Gears & Axles - How bad are these bearing surfaces?




WhiteStallion00
04-22-2012, 04:55 AM
I'm chasing rearend noise and intermittent significant heat in the rotors (not the calipers, though). The noise doesn't come/go with speed, but with time - the longer I drive it (per trip), the noisier it gets. I believe the correct statement would be that it gets noisier with HEAT. It starts out dull and eventually gets to the whining pitch of a prop plane in a nose dive.

I'm struggling with a suspension bind back there and I believe they're all related (bind, heat, noise, my lack of sleep).

The question for today is, are the axle surfaces below "that bad"? I know they could probably be replaced, but they're not bad enough to cause significant noise and heat, right?

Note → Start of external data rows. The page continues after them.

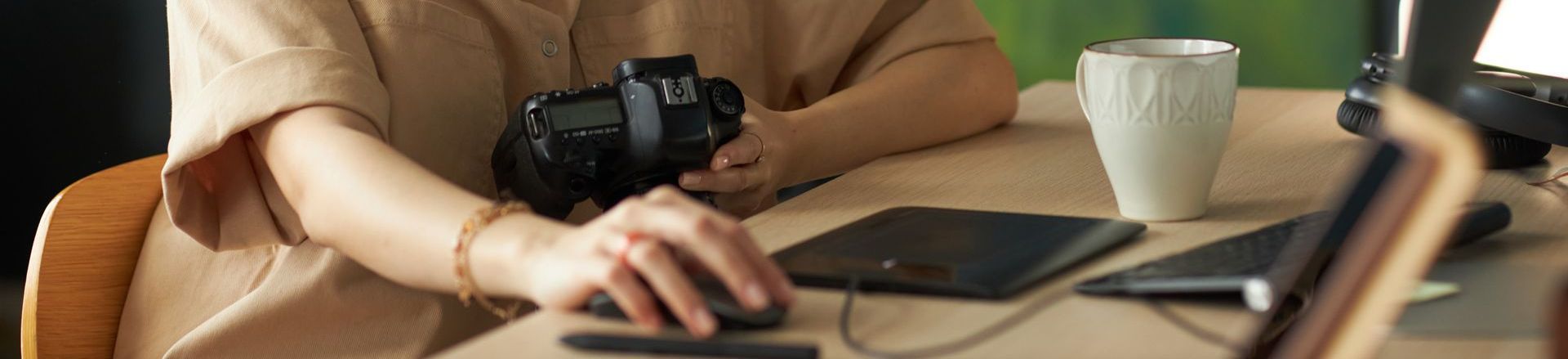 A woman is sitting at a desk holding a camera and using a computer mouse for her blogging revenue.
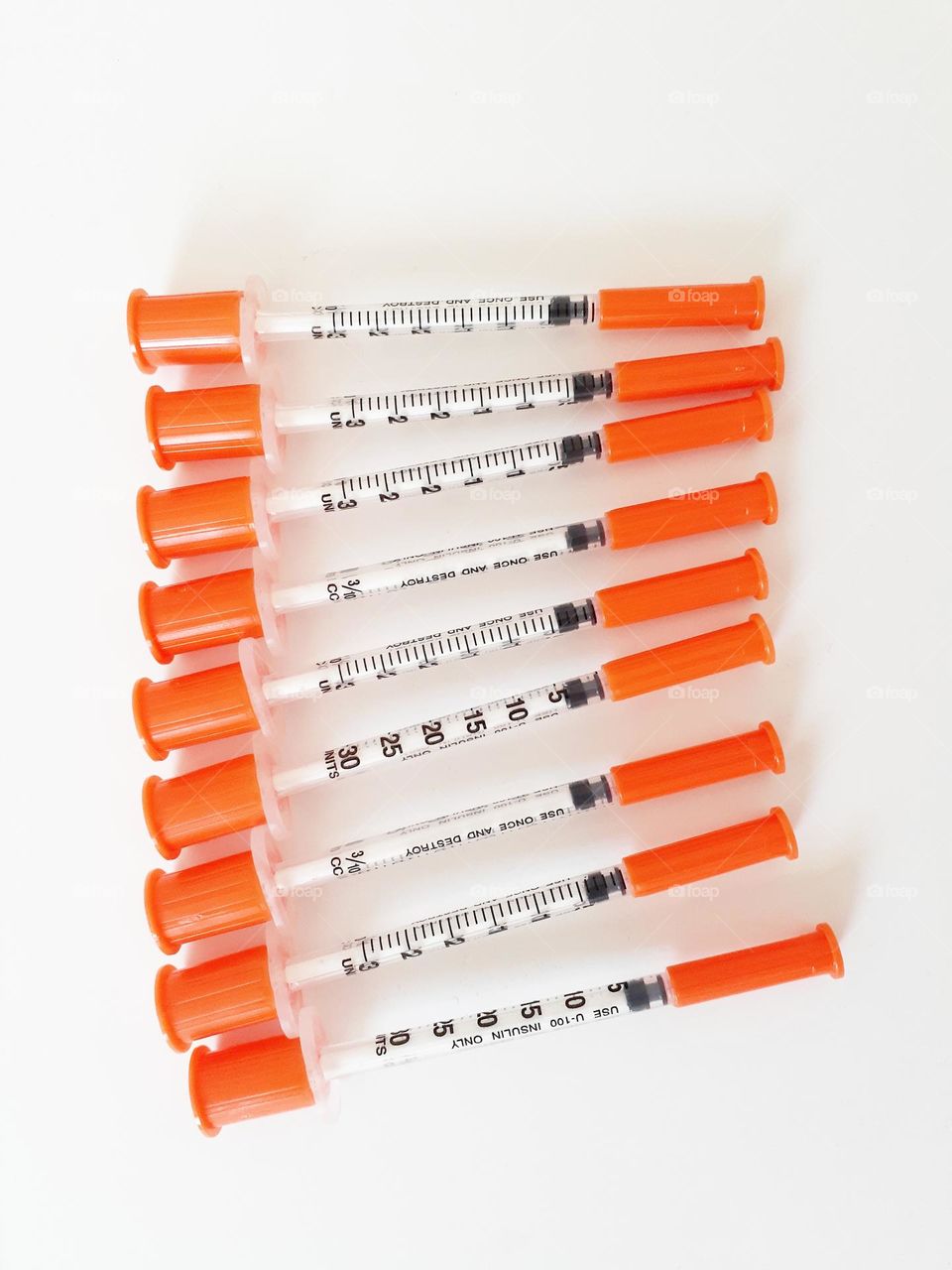 Syringes used to administer Insulin to a Type 2 Diabetic are laid out on white sheets.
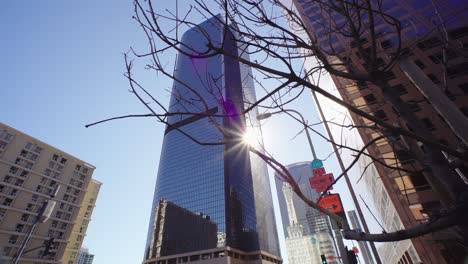 sun rays shine next to modern skyscrapers in downtown los angeles. la is a big financial business city. concept of american modern urban lifestyle, city life work in la. low angle shot downtown.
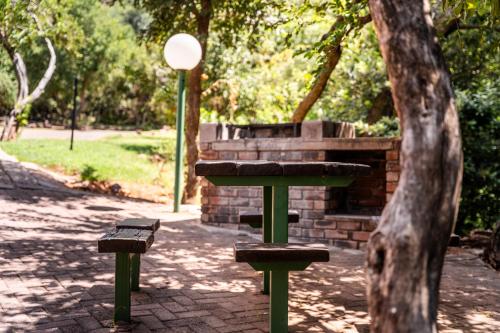 a picnic table and two benches in a park at ATKV Klein-Kariba in Bela-Bela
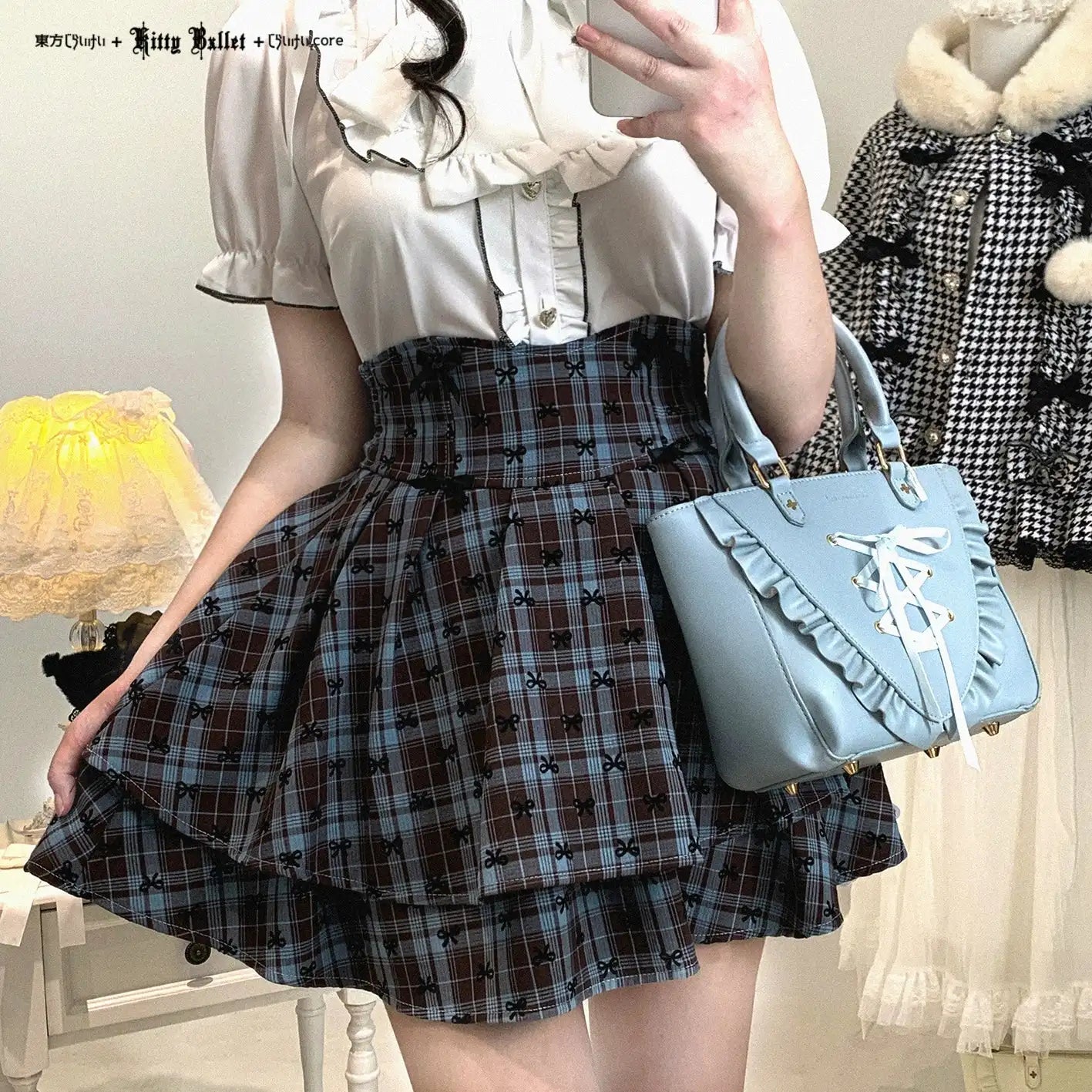 Person wearing a white blouse and plaid skirt with a blue handbag, standing in a room.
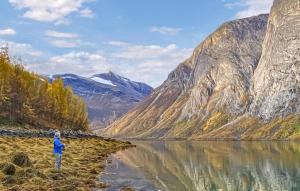 a man standing on the shore of a mountain lake at Cozy Home In Elvegard With Sauna in Elvegård +15 photos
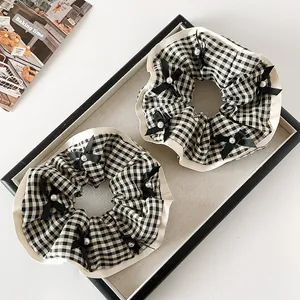 Lot de deux chouchous à carreaux avec nœuds noirs et perles sur plateau vintage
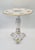 An elegant decorative porcelain table made by the renowned German manufacturer von Schierholz (Plaue, Thuringia). The...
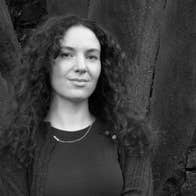 Síomha Callanan: Residency at Triskel Arts Centre, pictured standing in front of large tree trunks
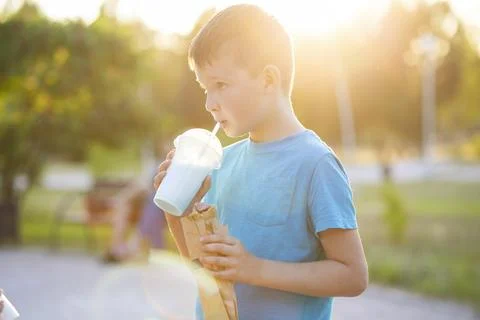 A child drinks a milkshake and eats a hotdog outdoors in a park Stock Photos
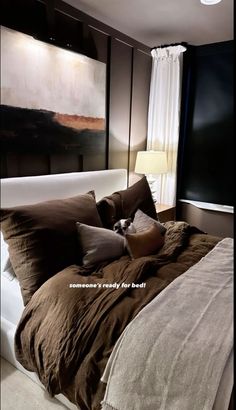 the bed is made with brown linens and pillows, along with a painting on the wall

http://sphotos.xx.fbcdn.net/hphotos-ash4/383372_3303183696046_1161579857_32577619_190277497 2_n.jpg


sreve
04-22-2012, 06:28 AM
Quote: intermittent significant heat in the rotors

Sounds like a brake problem. To affect both sides a collapsed hose
at the differential is a possibility. Rubber brake hoses can be
intermitent as you describe.

axles look to be normal.

FirstYrLS1Z
04-22-2012, 06:34 AM
Compared to what I've seen over the years,those surfaces seem 'new'.

these I polished and still running
http://i258.photobucket.com/albums/hh254/oldmanZ28/DSCN4608ARCAS.jpg

I would consider this beyond serviceable
http://i258.photobucket.com/albums/hh254/oldmanZ28/wornaxlebearingsurface.jpg


sicksspeed
04-22-2012, 06:43 AM
Those axles are not your problems. The pass one is starting to show some pitting though. I would probably just change that axle bearing and both seals. The noise ,grab pinion yoke and see if can be moved up and down at all. Should not even a little. On road test get noise going then go on and off gas easy. Pich change usually indicates pinion bearings. If continuos grind in middle of pumkin suspect carrier bearing. Best I can describe without actually hearing.

WhiteStallion00
04-22-2012, 07:00 AM
Thanx guys. I did notice the pitting starting on the pass side, and I thought the surfaces looked fine, but I read a thread somewhere a while back that suggested once they dull over they're done.

I went to the brakes first, and did find the sliders to be gummed up, so I took it all apart and cleaned/greased everything. Same problem, so I went extreme and removed the caliper, wired a 2x4 into and secured it to the axle, I also removed the parking brake shoe (so now there were no rear brakes). I still got the heat and noise, which starts once I feel the rear suspension start to stiffen up, about 2-3 miles into my commute.

I'm sure it's the bind that's causing it all, I was just hoping that I hadn't already damaged the axles. I'm not sure the best way to check for a bent tube, since there is so much crap on the tubes I cant find a good place for a straightedge. That's what I'm working on this morning.

WhiteStallion00
04-22-2012, 07:09 AM
Forgot to add:

No movement in the pinion, no measurable slack when wiggling in a rotation (is that what's referred to as backlash?). All seems nice and clean and neither tight nor loose.

With the axles out, I can spin the pinion as fast as I want and everything is whisper quiet. I put the axles in and as long as the are both spinning, still barely a sound. If I stop one, I can hear the typical torsen chatter, but nothing real significant. Pretty much the same if I spin the axles instead of the pinion. It does get noisier with the weight of the wheels, but not that bad.

If I put the rearend up on my lift boxes and run it at 35 mph for 10 mins, no heat. Run it up and down between 45-75 for a while, no heat. It's only there when there's an actual load. When it starts, I can hear what sounds like a tire being drug slightly sideways.

Next I'll find a way to attach a straightedge to the rotors and run it a few feet out to see if there's any toe.

WhiteStallion00
04-22-2012, 09:54 AM
No relevant toe. The pic shows how I measured it. I then stood the rearend so the pinion was straight up and took the same measurements, with nearly the same results. It came out slightly wider when I did it that way (about 1/8"), which I would attribute to camber (wider at the bottom).

That's the best I could come up with the check if the tubes were straight.